START Information shown
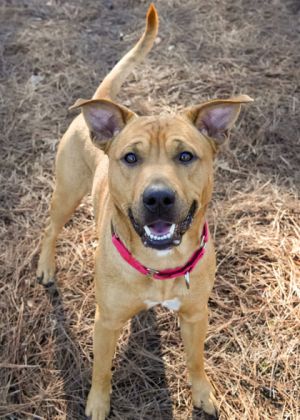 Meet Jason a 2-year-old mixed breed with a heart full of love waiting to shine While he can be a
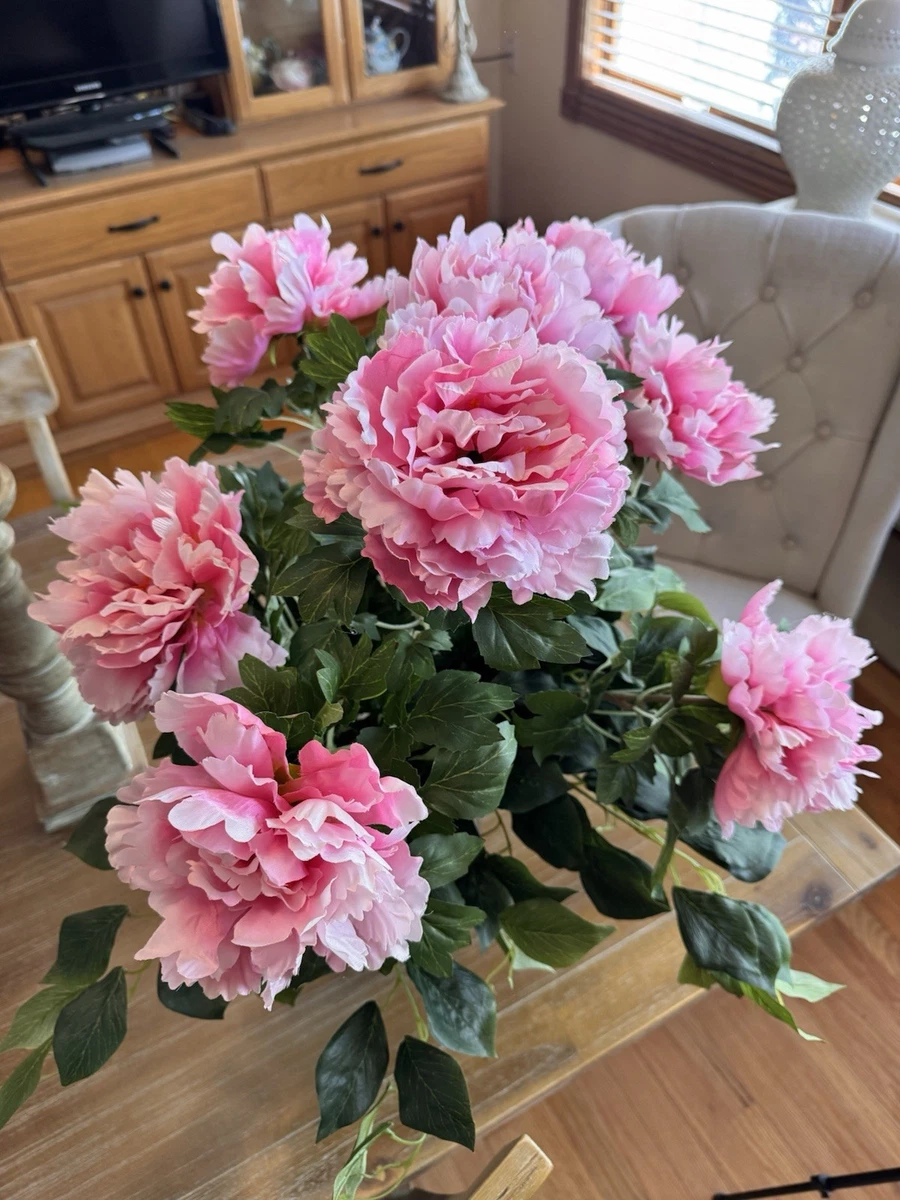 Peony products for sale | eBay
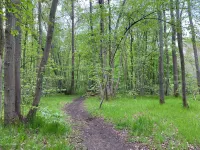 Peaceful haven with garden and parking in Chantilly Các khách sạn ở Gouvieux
END Information shown
START Information shown
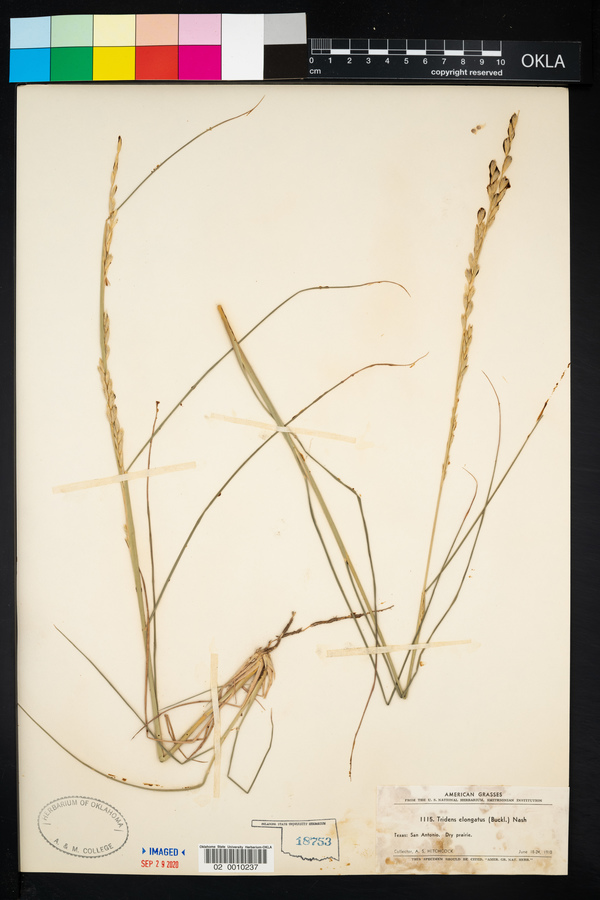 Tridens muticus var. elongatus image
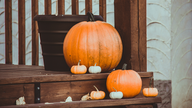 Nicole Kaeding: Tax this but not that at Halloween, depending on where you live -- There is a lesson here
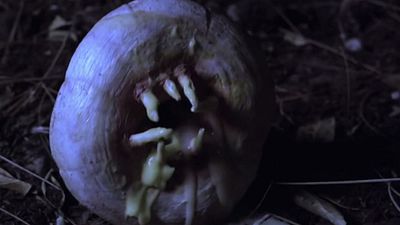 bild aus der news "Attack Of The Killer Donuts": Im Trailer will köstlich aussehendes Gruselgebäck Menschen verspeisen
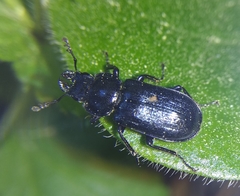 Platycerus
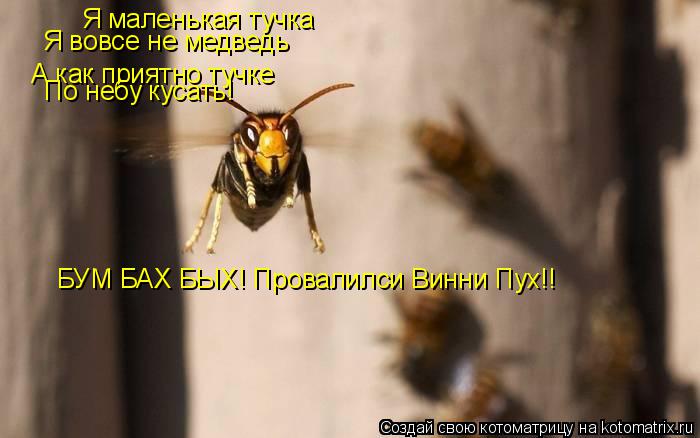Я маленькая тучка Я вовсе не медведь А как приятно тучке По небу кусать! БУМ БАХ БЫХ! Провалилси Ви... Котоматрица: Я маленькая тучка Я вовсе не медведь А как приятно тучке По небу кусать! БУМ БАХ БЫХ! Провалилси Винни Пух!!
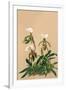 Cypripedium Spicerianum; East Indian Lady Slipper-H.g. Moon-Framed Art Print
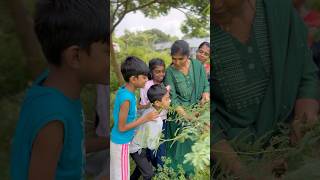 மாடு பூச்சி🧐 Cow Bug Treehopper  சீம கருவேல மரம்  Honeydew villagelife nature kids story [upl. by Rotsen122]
END Information shown
START Information shown
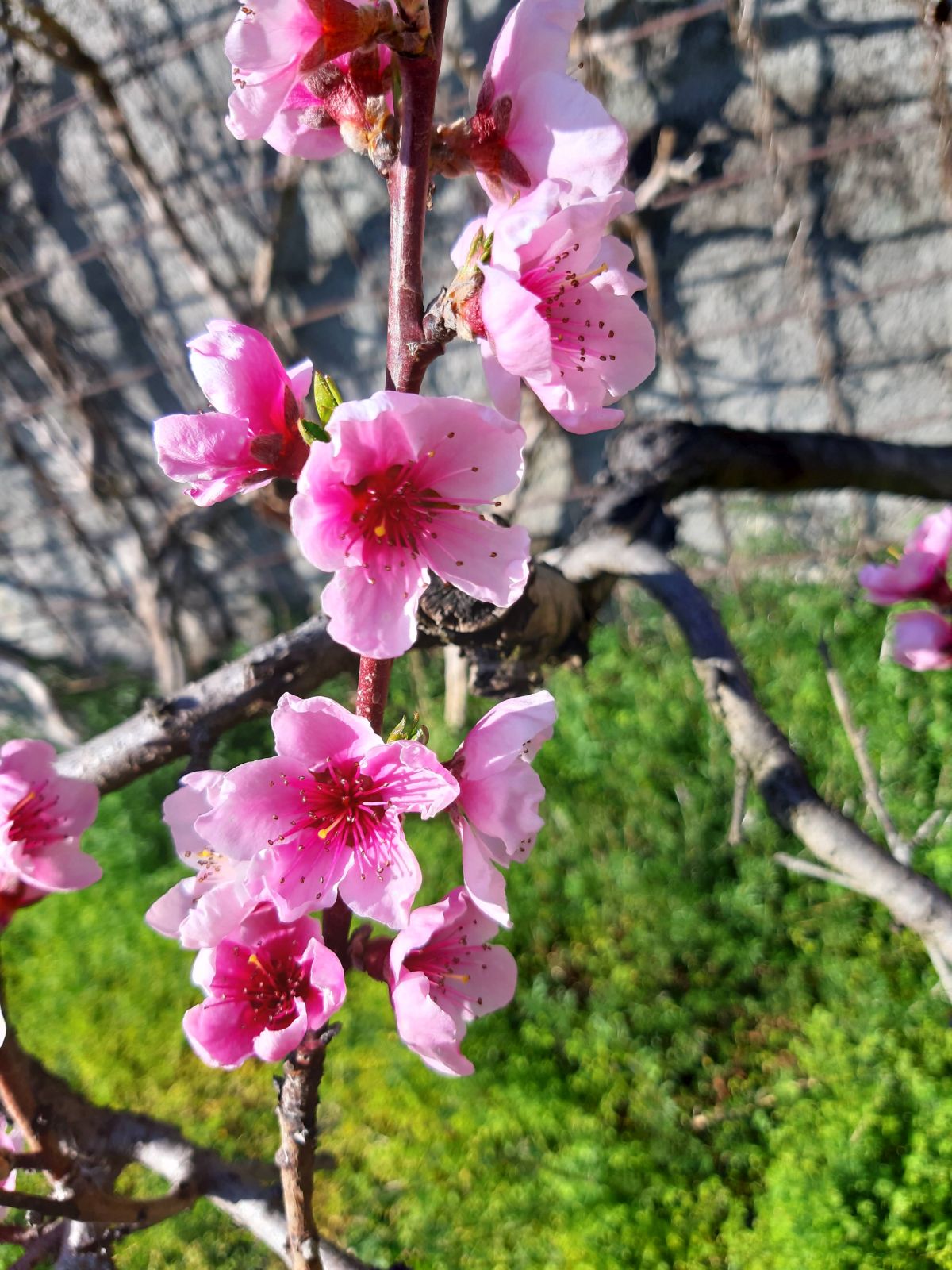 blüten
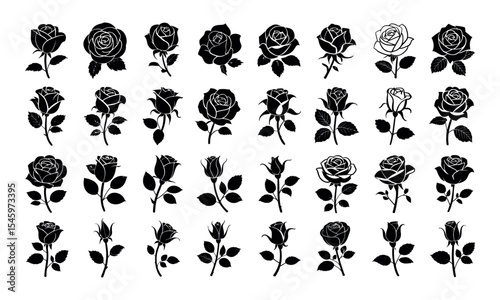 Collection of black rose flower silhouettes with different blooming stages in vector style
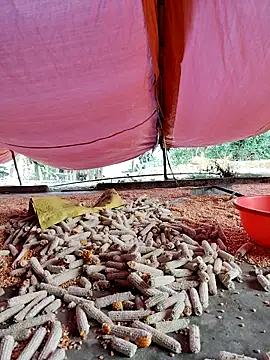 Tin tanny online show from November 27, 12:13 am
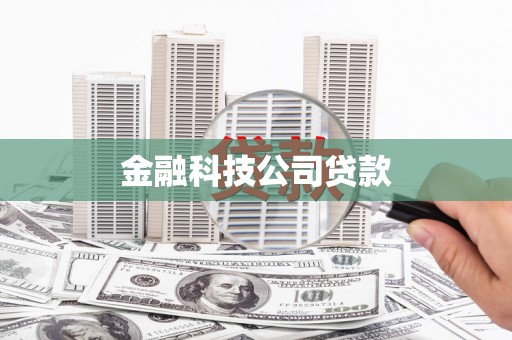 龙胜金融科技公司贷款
END Information shown
Each line above that falls between the line with "Meet Jason a" and the line with "Peaceful haven with" should be printed exactly, together with those two lines, but the pictures should not.

- _Task result_:
 Meet Jason a 2-year-old mixed breed with a heart full of love waiting to shine While he can be a
 Peony products for sale | eBay
 Peaceful haven with garden and parking in Chantilly Các khách sạn ở Gouvieux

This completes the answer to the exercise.